[Opening Input material section]

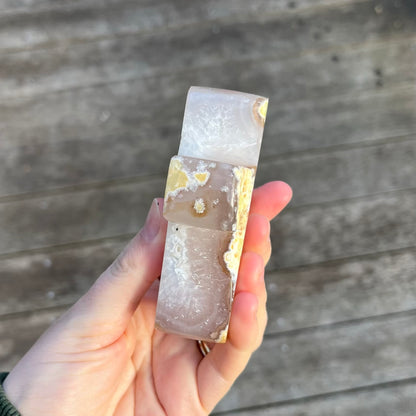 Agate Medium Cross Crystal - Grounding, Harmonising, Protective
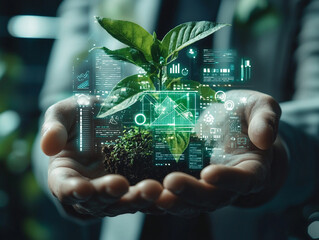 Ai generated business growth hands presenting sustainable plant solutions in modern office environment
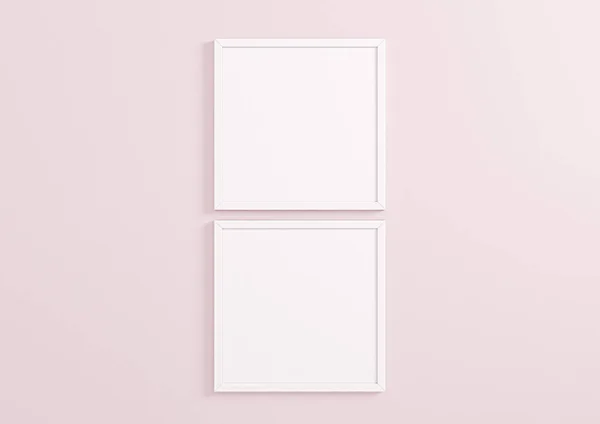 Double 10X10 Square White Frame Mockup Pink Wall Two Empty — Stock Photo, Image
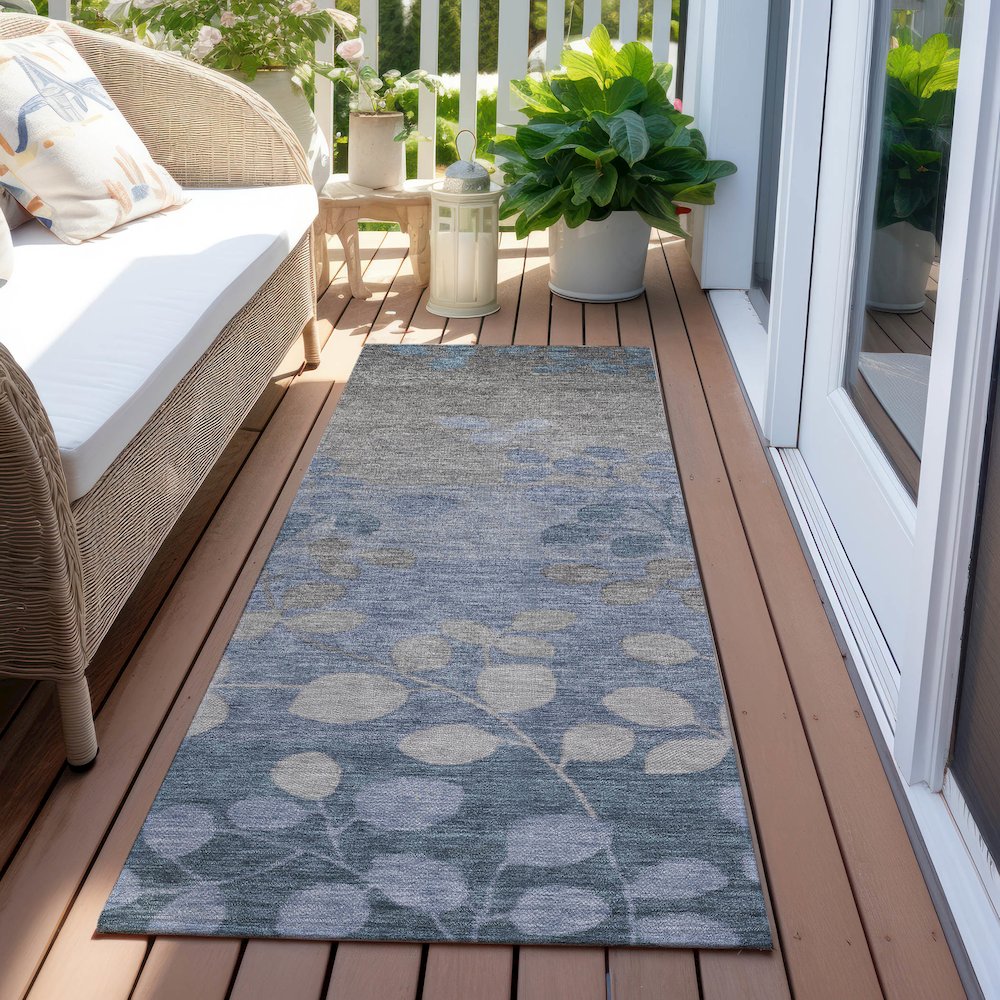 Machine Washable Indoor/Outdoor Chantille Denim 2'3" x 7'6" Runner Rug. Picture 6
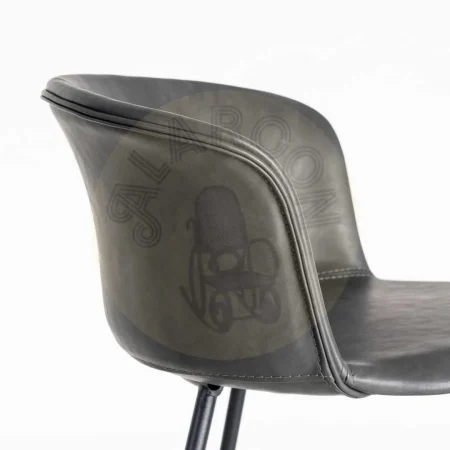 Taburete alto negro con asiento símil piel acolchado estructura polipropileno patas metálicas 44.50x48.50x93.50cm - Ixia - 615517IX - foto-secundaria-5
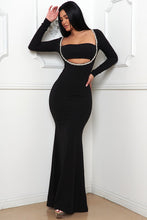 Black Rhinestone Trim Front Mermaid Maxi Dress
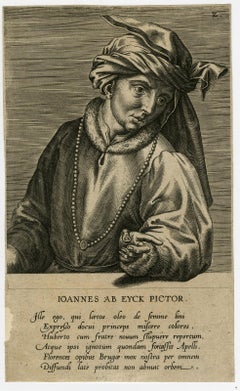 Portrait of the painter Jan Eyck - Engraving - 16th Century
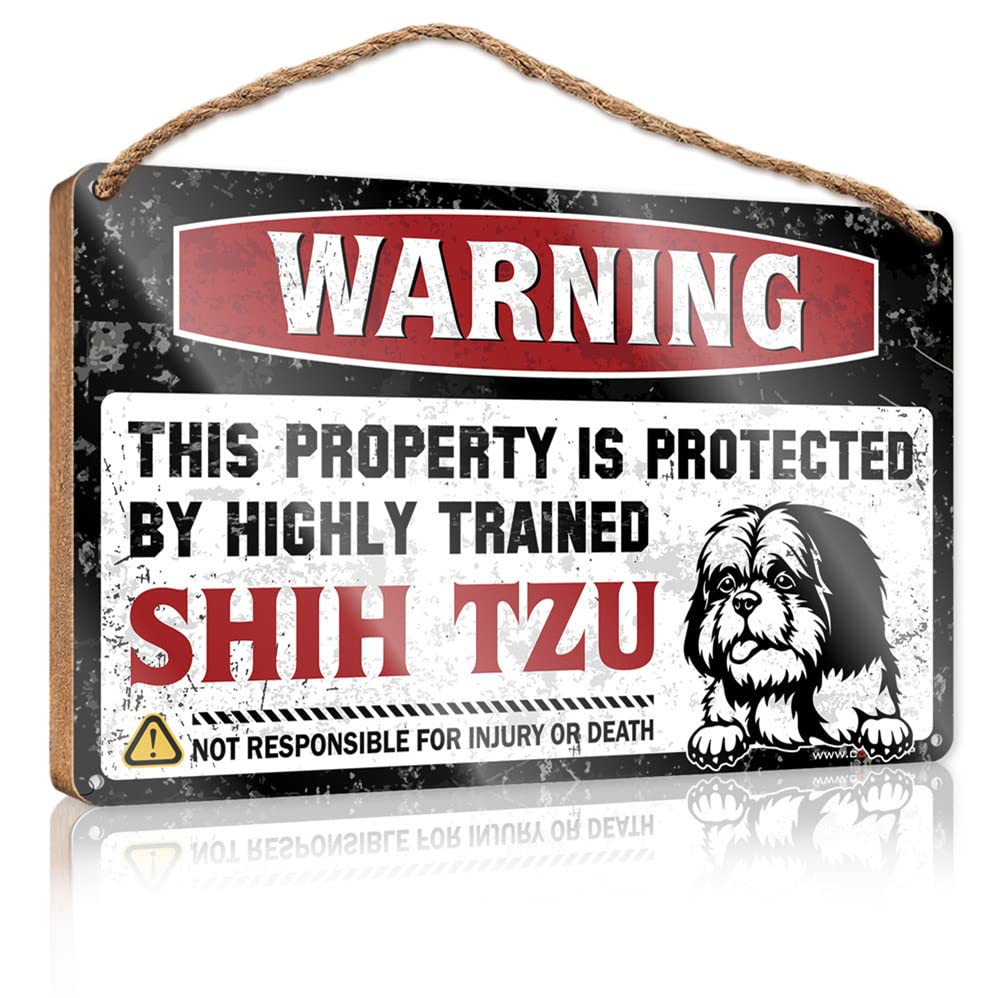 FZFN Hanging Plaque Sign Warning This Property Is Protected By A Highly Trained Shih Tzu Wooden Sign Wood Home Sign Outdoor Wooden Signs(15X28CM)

[Closing Input material section]

**What is needed:** Could you output the lines above exactly, with no pictures included?

**Solution:**
 Agate Medium Cross Crystal - Grounding, Harmonising, Protective
 Ai generated business growth hands presenting sustainable plant solutions in modern office environment
 Double 10X10 Square White Frame Mockup Pink Wall Two Empty — Stock Photo, Image
 Machine Washable Indoor/Outdoor Chantille Denim 2'3" x 7'6" Runner Rug. Picture 6
 Taburete alto negro con asiento símil piel acolchado estructura polipropileno patas metálicas 44.50x48.50x93.50cm - Ixia - 615517IX - foto-secundaria-5
 Black Rhinestone Trim Front Mermaid Maxi Dress
 Portrait of the painter Jan Eyck - Engraving - 16th Century
 FZFN Hanging Plaque Sign Warning This Property Is Protected By A Highly Trained Shih Tzu Wooden Sign Wood Home Sign Outdoor Wooden Signs(15X28CM)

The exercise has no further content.